The Faculty also offers graduate programs in Forensic Odontology and Restorative dentistry.

===Melbourne Model changes===
- In 2008 and 2009, the School of Dental Science will continue to accept applicants into the 5-year Bachelor of Dental Science (BDSc).
- In 2010, there will be no intake into the Bachelor of Dental Science.
- In 2011, the School of Dental Science will only accept students who have completed a relevant undergraduate degree into the new 4-year graduate-entry dental program which will replace the 5-year Bachelor of Dental Science for training dentists at Melbourne University. Melbourne will be the second dental school in Australia to transition to a 4-year graduate program after the University of Sydney.

===Research===

The Melbourne Dental School has a strong tradition in dental research and an established international reputation in several research areas. Research in the school is an integral component of staff and student activities underpinning both the undergraduate and graduate curricula.

The major research activities of the school are conducted by four research groups. This research covers a vast area of scientific research from basic science to clinical studies and involves a range of scientific disciplines.

The school published 46 scientific publications in peer-reviewed journals in 2003 and attracted over $8 million in external grants from government agencies (National Health and Medical Research Council and Medical Research Council, Australian Research Council etc.) and industry.

Research within the school has led to several products, including Recaldent, a unique product which helps prevent and reverse dental decay.

The Melbourne Dental School is one of five participants in the Victorian Centre for Oral Health Science, established in 2003 with an infrastructure grant (major equipment grant) from the Victorian State Government.

The Melbourne Dental School was a core party in the Cooperative Research Centre for Oral Health Science (CRC-OHS) from 2004 - 2010. The success of the CRC resulted in an extension being granted, with the Oral Health Cooperative Research Centre (Oral Health CRC) commencing in January 2010.

In 2009, an Oral Health Therapists Graduate Study was conducted at the Melbourne Dental School. This study was jointly funded by both the Dental Hygienists Association Australia and the Victorian Dental Oral Health Therapists Association. Ethical approval was granted for this study with all findings to be made public in October 2009 on "Research Day."

The Melbourne Dental School is a participant in the Bio21 Institute with research encompassing a wide variety of sub-disciplines, including structural chemistry, bacterial biofilms and peptide vaccine technology

===Accreditation===

- Melbourne University Faculty of Dentistry is accredited by the Australian Dental Council and the Royal Australasian College of Dental Surgeons.

==Notable alumni==
- Prof.

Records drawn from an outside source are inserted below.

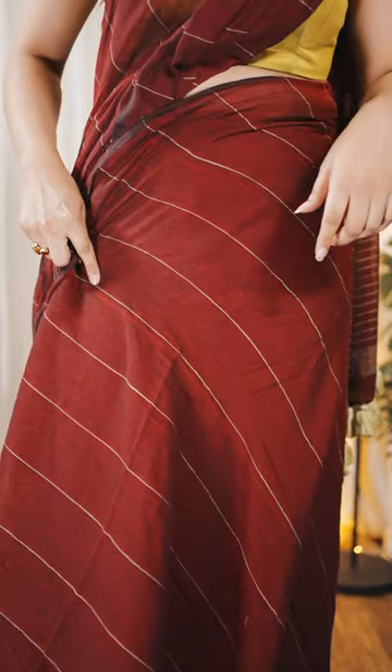Three essential pins for a neat saree look. Pin your hip pleats on the right above your thigh for a structured look.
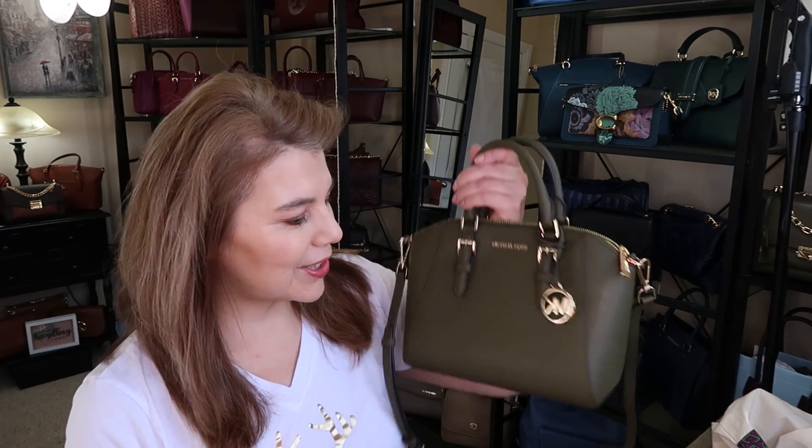I know spring is coming up, so this bag is going to go into storage. I'll be switching up all these dark lovely beauties — they're going to be my fall and winter collection — and I get to bring out my spring collection.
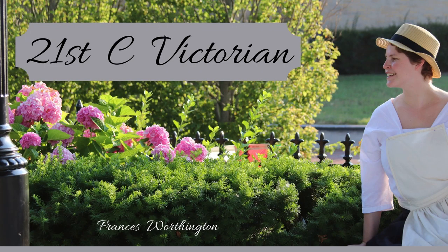Hello my dear viewers and welcome back to 21st Century Victorian. This is part two of our home for the holidays video making a Victorian chemise. Last video we made a mock-up. If you haven't seen that, I'll put it in the cards and in the description below.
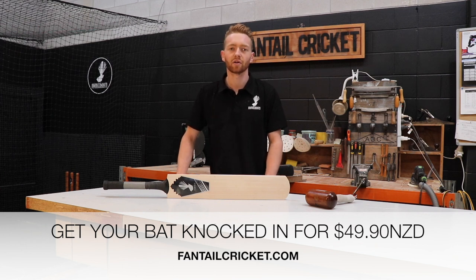We only charge $49.90 and in return you receive a match-ready cricket bat. If you were to replicate our process at home, it may take you up to three to four hours to complete. We don't just knock in Fantail bats — we knock in all brands of cricket bats, from SS to Kookaburra.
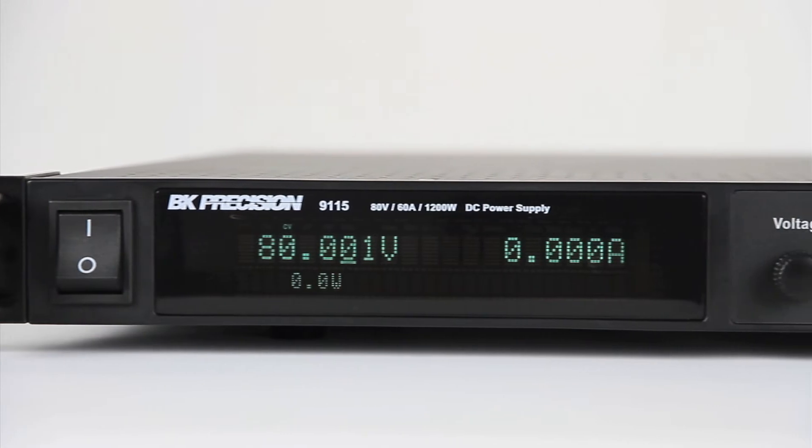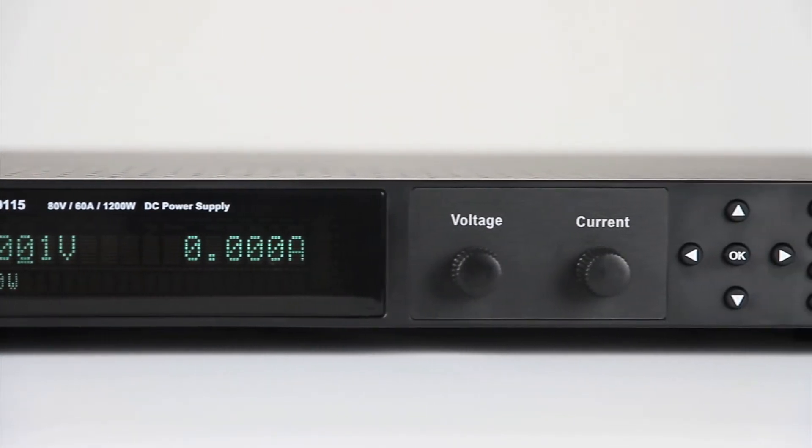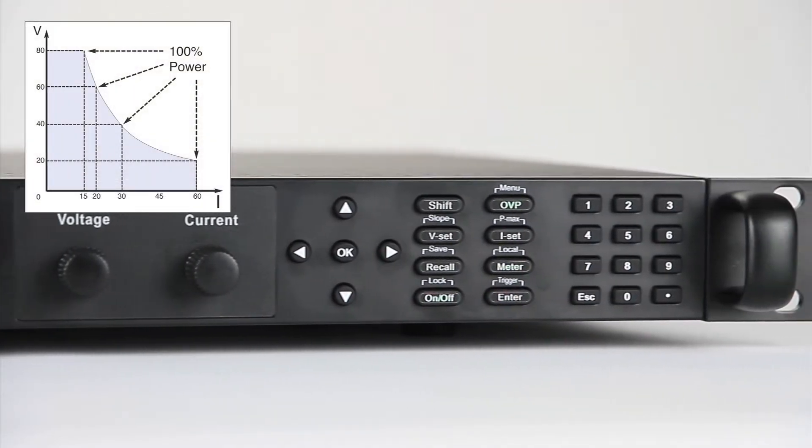The 9115 multi-range programmable DC power supply offers up to 1200 watts of output power with any volt-amp combination within the rated limits of 80 volts and 60 amps.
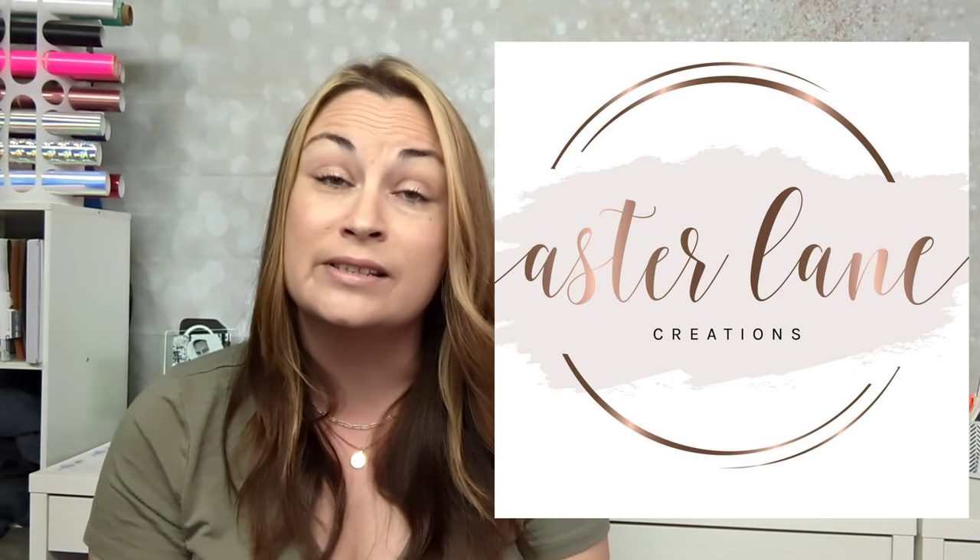Hey guys, thanks so much for clicking on this video. If you are new, welcome — my name is Mallory. If you are not new, welcome back. Today's video is 100% dedicated to my friend Lillian over at Astor Lane Creations. Lillian makes amazing tumblers, but if you ask me what her specialty is, what she just knocks out of the park, it's resin keychains and badge reels.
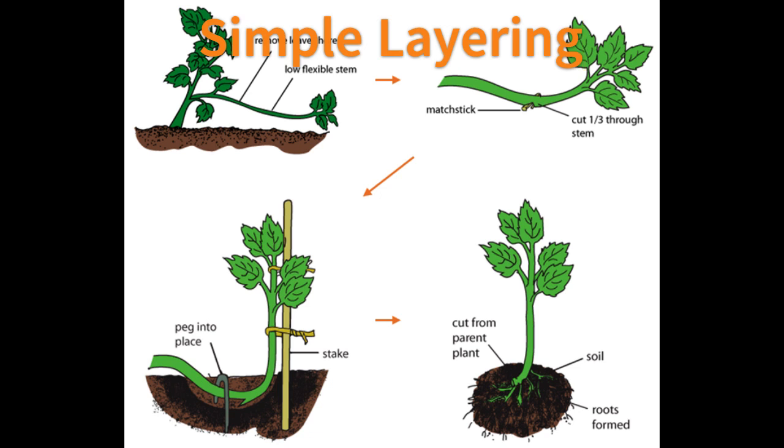In simple layering, a low-growing, flexible shoot is bent to the ground leaving the remaining 15–30 cm above the ground. The tip of the branch is staked in a vertical position and the lower side of the bend is wounded. Crops propagated by simple layering are climbing roses, jasmine, guava, rhododendron, and honeysuckle.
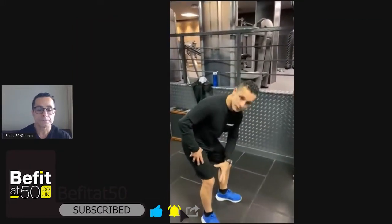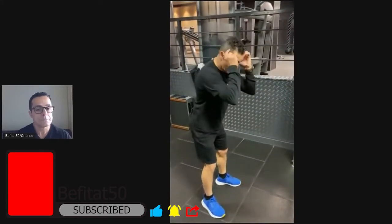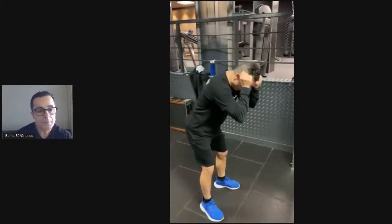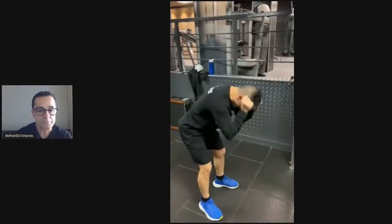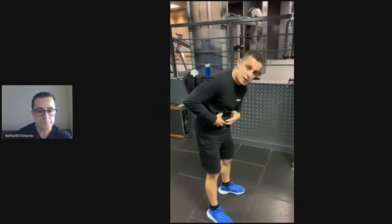You bend a little bit your knees, and you hinge forward from your hips. As if you're holding the rope, you go all the way down and up. You can see my back is curving, but that's the idea, because you have to squeeze.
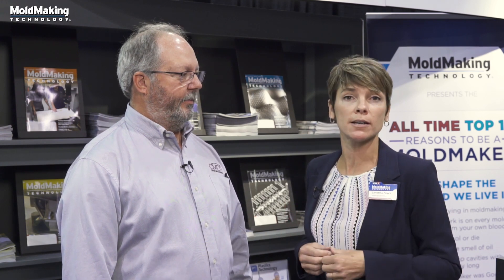Thank you, Lester, for joining me. And for more information on additive manufacturing, Custom Mold, or Matsura machinery, visit moldmakingtechnology.com.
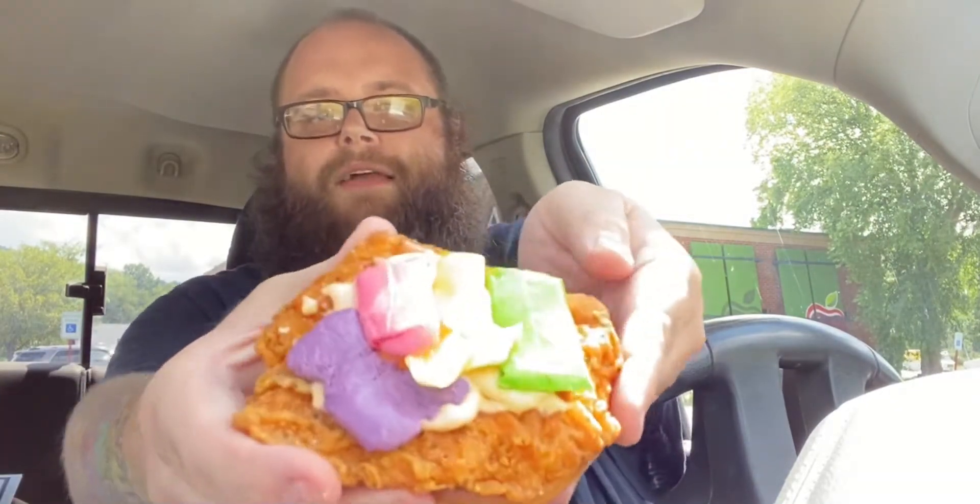Now we're doing strawberry. Here we got our Laffy Taffy — taste the rainbow with some ghost pepper ranch hot sauce on a spicy chicken sandwich. There we got all our sandwich.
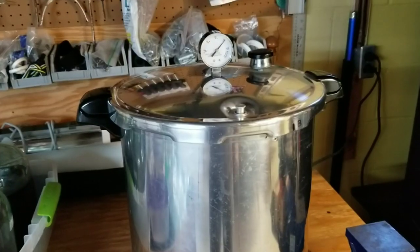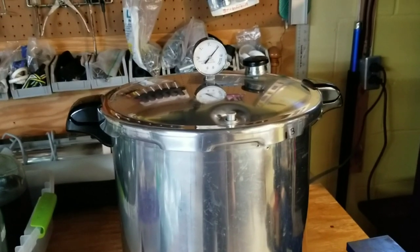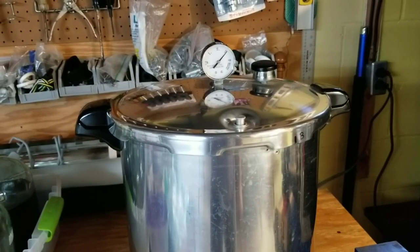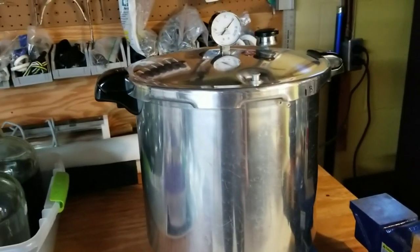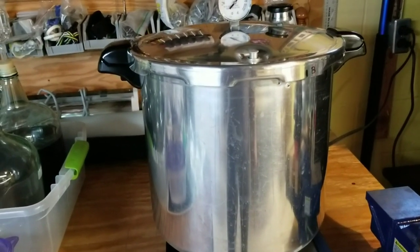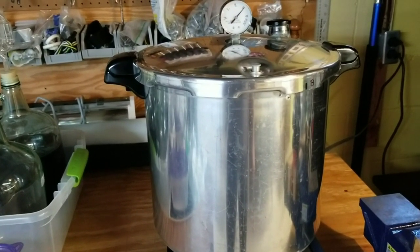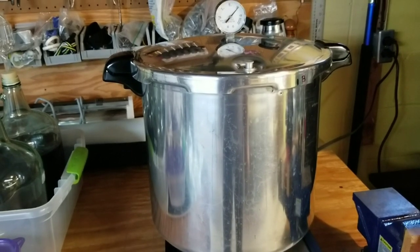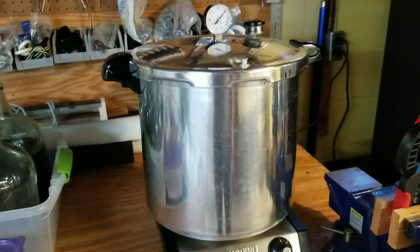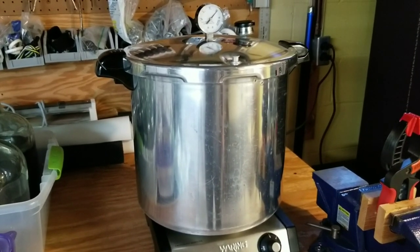With pint jars, 300 milliliters of nutrient broth, and the rings snugged right down, I've never had any issues. Once we hit 15 PSI and we're rocking, I'll set the timer for 25 minutes. Once the timer goes off I'll shut her down and let her cool. It takes quite a while for these LC jars to cool — we're getting them up to 252°F — and it's going to take several hours. Never squirt any living culture into something hot; let it cool to room temperature or you'll kill your culture.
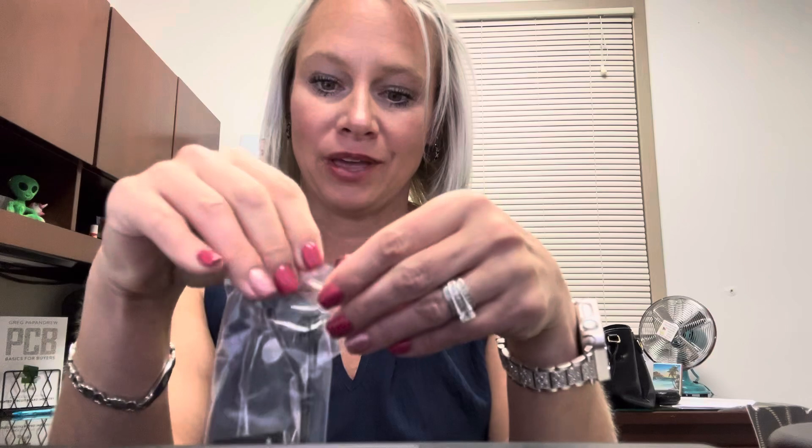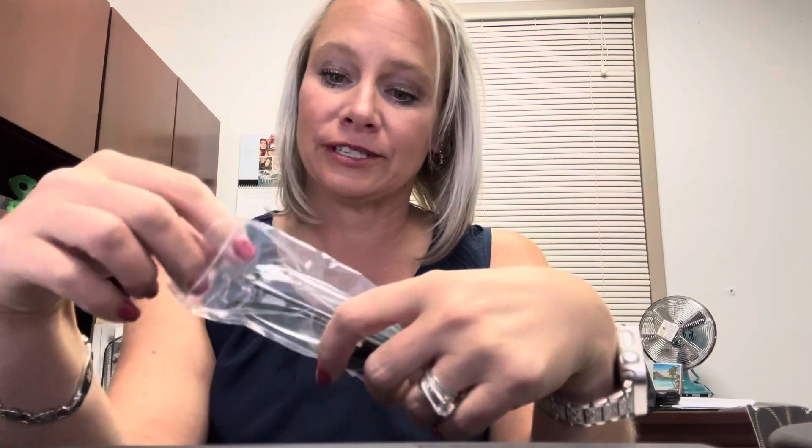It's nice that they come in packs of four because I can leave one at work, one at home, one in my car, and one in my purse. So I'll always have them.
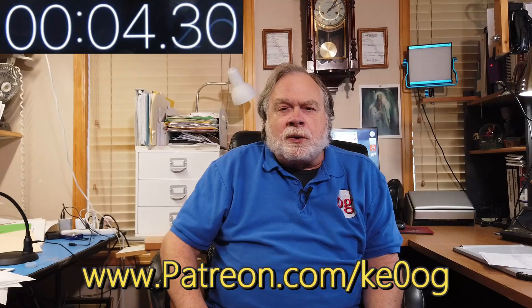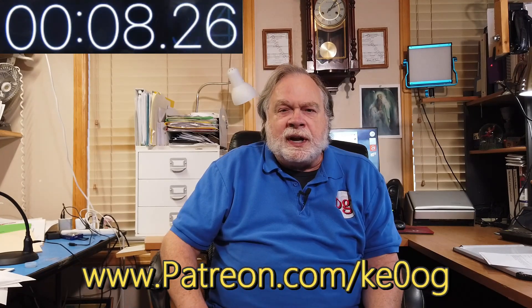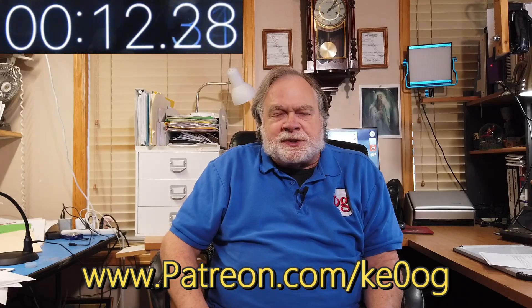Now, before we jump into really exploring the questions we have in front of us, I want to pay a special thank you to Doug Dry. Doug is one of my most recent patrons who has joined up to help support this channel. You too can become a patron by going to patreon.com/KE0OG and pick something that works for you. So let's jump in.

P. Raymond Begg AO, Orthodontist, BDSc '23.
- Associate Professor Matthew Hopcraft, BDSc 1994 MDSc 2000 PhD 2010

==The Henry Forman Atkinson Dental Museum==
The Henry Forman Atkinson Dental Museum contains over 2,500 objects, photographs, documents and catalogues relating to the history of dentistry and dental education in Victoria. Objects in the collection date from the early 18th century and provide insights into the changes and developments within the dental profession and its striving to improve the standard of dental education, dental health and dental care within Victoria.

The Henry Forman Atkinson Dental Museum is located on the ground floor, 720 Swanston Street Melbourne, in the same building occupied by The Royal Dental Hospital of Melbourne.